Monitoring Windows pods with Prometheus and Grafana

This post was co-authored by Cezar Guimarães, Sr. Software Engineer, VTEX

Introduction

Customers across the globe are increasingly adopting HAQM Elastic Kubernetes Service (HAQM EKS) to run their Windows workloads. This is a result of customers figuring out that refactoring existing Windows-based applications into an open-source environment, while ideal, is a very complex task. It needs investments that usually don’t immediately translate into cost savings, and investing in this application refactoring isn’t in the best interest for the IT yearly budget. However, re-platforming the existing yet critical Windows-based applications into Windows containers makes sense from a cost-saving and modernization lens.

Tools such as App2Container (A2C) have made application re-platforming easy. However, for successful day two operations, customers should consider certain infra-transformations, such as logging, monitoring, tracing, etc. As part of achieving full Windows containers observability on AWS, in 2022 we published a Containers post on how customers can use an AWS-managed Windows fluent-bit container image to centralize Windows pods log in different destinations.

Prometheus and Grafana are some of the most popular monitoring stacks for Kubernetes-based workloads. Therefore, today we are launching a post focusing on how customers can centralize Windows pod metrics using HAQM Managed Service for Prometheus and HAQM Managed Grafana.

Solution overview

This post walks you through how to set up Windows Exporter (A Prometheus exporter for Windows) as a Kubernetes daemonset and a PromQL (Prometheus Query Language) to enrich windows-exporter container metrics while merging with kube-state-metrics (KSM). This lets you extend existing Linux-based Kubernetes monitoring to support Windows-based workloads.

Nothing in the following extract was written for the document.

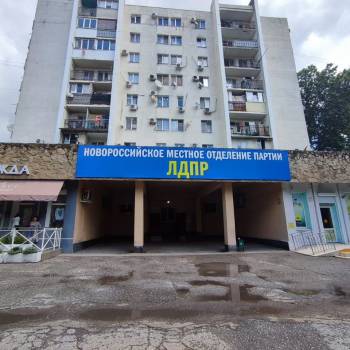Продается 1-комнатная квартира, 27,7 м²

Image 1. Solution workflow

HAQM Managed Service for Prometheus scrapes Windows node/container metrics, such as CPU, Memory, Disk, and Network usage from the Windows Exporter HostProcess DaemonSet.
HAQM Managed Service for Prometheus scrapes KSM to map pod and container names to their container ID.
HAQM Managed Grafana provides the ability to create monitoring dashboards from the collected metrics using HAQM Managed Service for Prometheus as the data source.

Prerequisites

The following prerequisites are required to continue with this post:

An HAQM EKS cluster with Windows nodes up and running. See this step-by-step
HAQM Managed Service for Prometheus with HAQM EKS ingestion properly setup. See this step-by-step
HAQM Managed Grafana fully integrated with HAQM Managed Service for Prometheus. See this step-by-step

This post’s prerequisites use AWS-managed services such as HAQM Managed Service for Prometheus with managed-collector and HAQM Managed Grafana. However, this post also applies to self-managed Prometheus, Grafana, and ADOT/Prom-server agents.

Walkthrough

The following steps walk you through the steps described previously.

1. Install KSM

We now install KSM, a simple service that listens to the Kubernetes API server and generates metrics about the state of the objects. We must collect KSM to map pod and container names to their container ID.

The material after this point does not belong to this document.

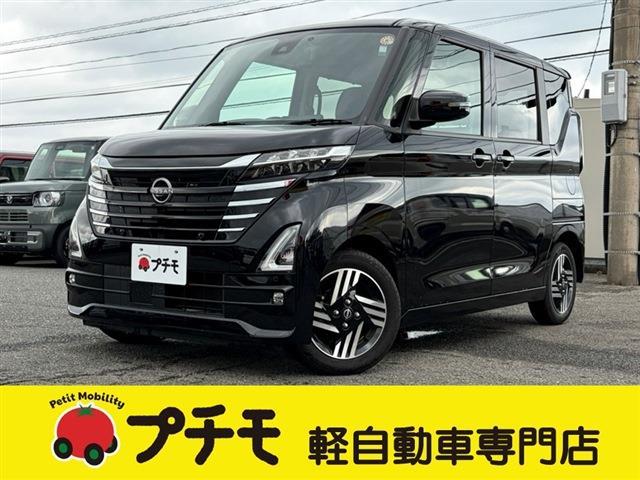 中古車
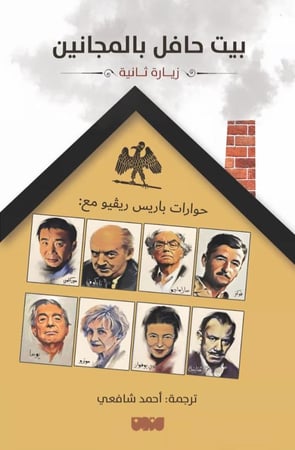 بيت حافل بالمجانين - حوارات باريس ريفيو مع:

1.1 Enter the following command to install KSM:

helm repo add prometheus-community http://prometheus-community.github.io/helm-charts
  
helm install kube-state-metrics prometheus-community/kube-state-metrics -n kube-system

2. Create a Windows Exporter daemonset

First, going deep into the daemonset configuration, we are setting up the securityContext to hostProcess:True. This means the container process has access to the host network namespace, storage, and devices, allowing us to fetch metrics for all the containers running at the host by listening to built-in Windows metrics.

The second part is the initContainer, where we set up the host firewall to allow TCP/9182 incoming traffic so that HAQM Managed Service for Prometheus can scrape the host. In the third part, we create a ConfigMap to inject windows-exporter configurations and mount it to the Windows-exporter pod.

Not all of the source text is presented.